Membro da Associação Internacional de Bioética, o cardiologista José Eduardo Siqueira discorda do procedimento.
“Não há justificativa técnica pra se usar o Pavulon, porque ele já está entubado”, diz.
Segundo ele, o Pavulon tem que ser administrado antes de o respirador ser ligado ao doente, para facilitar a ação do equipamento.
Depois da denúncia contra a médica Virgínia Helena, foi aberta uma sindicância, do SUS e das secretarias Municipal e Estadual de Saúde. Auditores investigaram UTIs de oito hospitais de Curitiba. O relatório, que ficou pronto esta semana, aponta: a UTI geral do Evangélico era a única a contrariar recomendações do Ministério da Saúde.
“A conduta que lá era realizada seguia a concepção das pessoas que lá atuavam”, afirma Adriano Massuda, secretário municipal de Saúde de Curitiba.
Virgínia Helena afirma que consultava a equipe médica antes de decidir se um paciente em estado terminal deveria receber apenas cuidados que evitassem dor e sofrimento.
“Isso é definido sempre em grupos. O doente não é de um, nós atendemos doentes de muitos médicos, com uma série de patologias, e tudo isso é definido, se tem prognóstico ou não”, conta.
A promotora que atua no caso contesta.
“Nos prontuários médicos dos pacientes não havia registros de que tenha sido consultado o paciente ou sua família, muito menos uma equipe médica”, observa a promotora de Justiça-PR, Fernanda Garcez.
“Toda decisão, o médico tem que tomar junto com a família, com o paciente. Ou seja, não se pode imaginar que cuidados paliativos significam você isolar o indivíduo num canto, e o médico tomar procedimento sem consultar a pessoa e a família”, ressalta José Eduardo.
“Com a família a gente coloca o quadro, né? Você detalha, mas você coloca o quadro”, diz Virgínia.
“Ninguém comentou nada comigo. Eu só fui ver ele de noite, quando levaram no cemitério e ele já estava no caixão”, diz a viúva de Ivo, Zenaide Pereira.
No dia 10 de março, o Fantástico mostrou gravações telefônicas, feitas com autorização da Justiça, no ramal da UTI. Em um trecho, a médica fala com um colega, que também é réu no caso, sobre o paciente Ivo, um dia antes de ele morrer. Na conversa, o verbo "ir" é usado quando o paciente morre.
Virgínia: “Eu falei: ‘Tudo bem, amanhã ainda consigo mais dois, porque eu não fui com o Ivo porque eu fui com dois hoje de manhã”
Médico: “Eu já estou indo com o Ivo”.
“Muitas vezes você diz: 'Ah, hoje comigo foram quatro'. Nós perdemos, isso é um desabafo. Não quer dizer que você induziu a morte de quatro”, explica Virgínia.
Em outra conversa, a médica diz em tom debochado que quer esvaziar a unidade.
Virgínia: Quero desentulhar essa UTI que está me dando coceira.
“Foi uma infelicidade, foi um desabafo, porque o número de pedidos de vagas é extremamente alto”, diz.
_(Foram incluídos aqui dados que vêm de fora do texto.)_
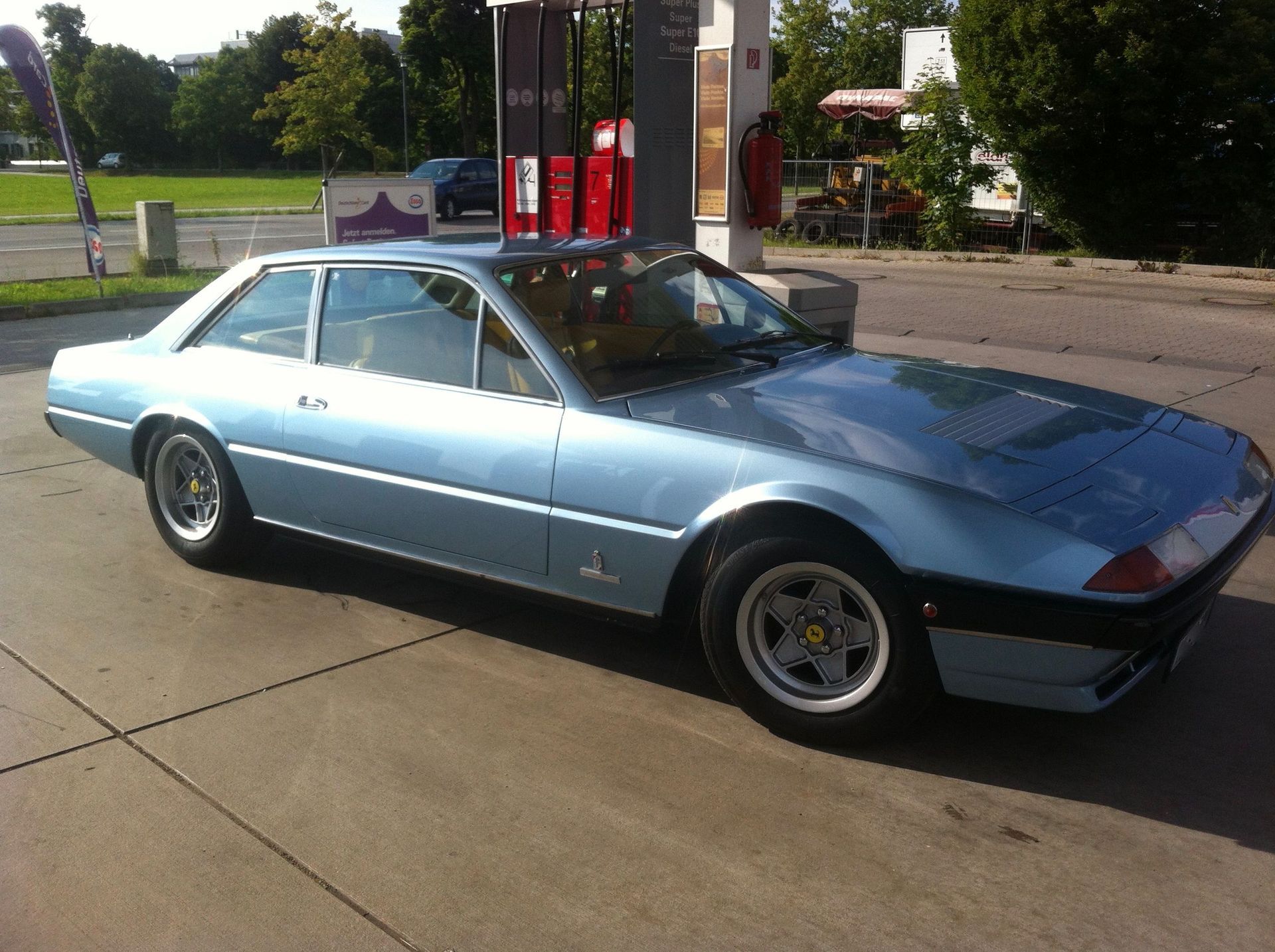 Autospritzwerk Zielke GmbH|Rotkreuz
Virgínia se diz muito exigente. “Às vezes, até grosseira. Conforme a situação, você chega a ser, né? Porque é um ambiente tenso, é um ambiente que exige agilidade, que exige muita dedicação”, afirma.
Depois de ter ficado um mês presa, Virgínia vai aguardar o julgamento que data ainda não tem data marcada.
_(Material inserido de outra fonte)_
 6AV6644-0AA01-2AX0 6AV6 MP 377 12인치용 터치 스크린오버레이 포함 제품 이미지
Fantástico: Como a senhora acha que o Brasil viu a senhora?
Virgínia: Como um demônio.
Fantástico: A senhora é inocente dessas acusações?
Virgínia: Inocente ou culpado depende de você agir errado e com má fé. Eu exerci a medicina.
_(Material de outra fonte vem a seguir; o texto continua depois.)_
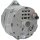 Alternator 75 A 14 V HC-Cargo for e.g. JEEP CJ5 - CJ8None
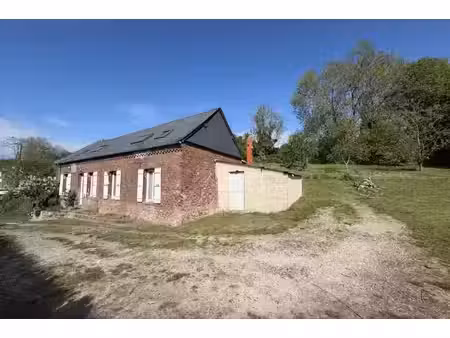 vente maison 3 pièces 90 m² à dercy (02270)  117 900 €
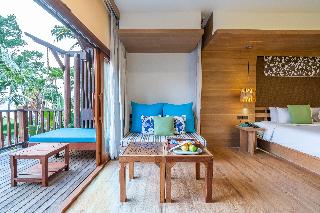 Ao Prao Resort Ko Samet fotoÄŸrafÄ±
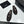 CC Woven Mules Dark Brown Leather Weaving
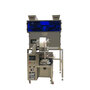 Automatic Pyramid Tea Bag Packing Machine With Thread and Tag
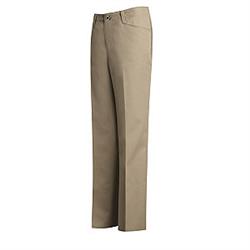 Red Kap® Women's Work NMotion® Pant - PZ33KH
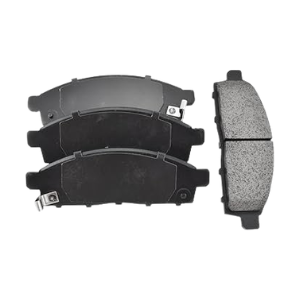 Pajero Sport Front Brake Pad Original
“Isso não retrata a medicina intensiva que se pratica no Brasil. Isso se trata apenas como homicídio”, acusa a promotora Fernanda Garcez.
Fantástico: Qual é a doutora Virgínia: a doutora Virgínia que salvava os pacientes da UTI ou a doutora Virgínia que abreviou a vida de pacientes na UTI?
Virgínia: Eu nunca abreviei a vida de ninguém. Eu só exerci exatamente a medicina como ela tem que ser.
“Era meu companheiro, né? Dia e noite, 24 horas juntos. Voltar, ele não vai voltar, mas ela vai ter que pagar”, desabafa a viúva de Ivo.